The only place that duplicates that 'ooey gooey/ I'm so special /warm and fuzzy' feeling from the school days is the internet.   And, even pathetic little old me with my need for love is a little freaked out by it.  I really thought I was using Facebook for it's intended use. (Keeping up with people I don't want to have to call regularly and judging photos of ex-boyfriends/crushes/girls who were mean to me.)  Then, along came the 'like' button.  It used to be that Facebook was your own platform.  Would you like everyone to to watch the same youtube video you just cry-laughed at? Post it!  Want to share the photos from so and so's party without having to email a bunch of people? Post them!  Need to invite folks to come see your band play a gig?  Post it!  Brilliant, right?  So convenient! How did we ever live without it?
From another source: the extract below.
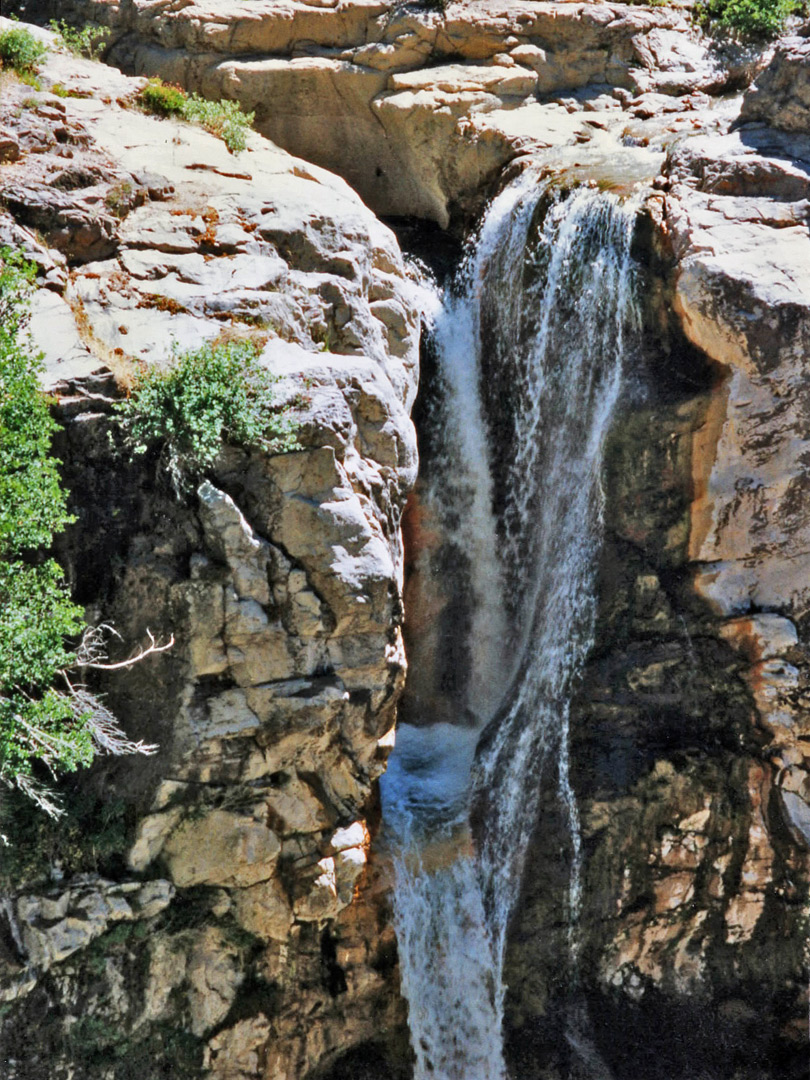 Close view of Mill Creek Falls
But, now imagine no one 'likes' the video or the photos or the fact that you have a gig.  All of a sudden you've taken a happy thing in your life and turned it into a "Why does everyone hate me?" thing.  I've had to drag myself off the cliff of crazy before for something as stupid as this ridiculous thought:  No one 'liked' the photo of my dog hugging his new toy elephant.  This means everyone hates my dog.  Nice, right?  Reasonable.  Totally sane.   Yay me!  But, even with the occasional insane thought, I assumed I'd buried the desperate little gold star grubbing kid deep down inside myself.  I didn't think I cared what people thought.  I assumed I was above that shit.

Then came Twitter.  To me, Twitter was a wonderful invention.  I have loads of messed up snarky thoughts throughout the day.  Finally, somewhere I can share them, uncensored, with a bunch of anonymous equally jacked up strangers!  Yipee!  I happily tweeted anything I wanted whenever I wanted to.  Then someone told me about Favstar.  And, it all went to hell in my brain.  Gold star girl started doing flips.
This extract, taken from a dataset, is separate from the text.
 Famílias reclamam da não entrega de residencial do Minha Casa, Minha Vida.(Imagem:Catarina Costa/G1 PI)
Here's how it works:  people "star" your tweets.  Or, they don't.  When they do, you're an awesome specimen of humor and all that is cool and right in the universe.  When they don't, you suck, you're not funny, people hate you and you should just go ahead and jump off the Hollywood sign.  (Just kidding. They won't even let you up near the Hollywood sign so you can't jump off of it.)  I found myself deleting tweets I thought were funny just because they'd only received one star.  Like this one:  Hooray! It's horror movie weather outside! Need to remember to bring along a light jacket and a chainsaw, just in case.  I giggled when I thought of that even though it was dumb.  The fact that NO ONE else giggled made me feel bad about myself and my sense of humor so I deleted it.  If I've ever been crazier in my whole life, I cannot think of when it was.  This is worse than when I did my ex-boyfriend's laundry and put his boxer shorts in order by color or when I got white blond highlights in my dark brown hair.  Second guessing yourself because no one virtually coddled your ego by starring the 140-characters-or-less thought you just shared on a random networking site is, in my opinion, pretty rock bottom.

I had to step away from the little virtual gold stars.  I had to reclaim my brain from the clutches of pathetic desperation and LIES!  Arrrggghhhhh!
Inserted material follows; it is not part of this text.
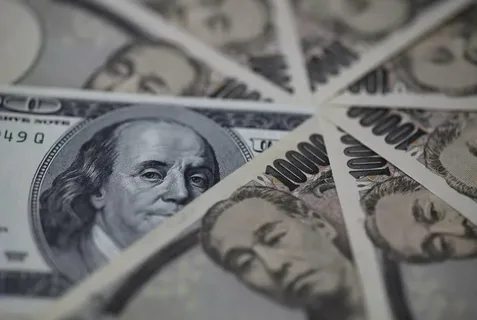 Asiya valyutaları ucuzlaşarkən, dollar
Okay, so maybe it's not that extreme.  I'll calm down.  I guess a little encouragement is nice sometimes and not everyone's going to get you all of the time.  But, in this world of faves and stars and likes and retweets and reposts and stumbles, how do you keep your sanity?  How do you judge your work, your life, your existence fairly if everyone else is busy doing it for you?!  How do you keep what you actually like separate from what everyone else does?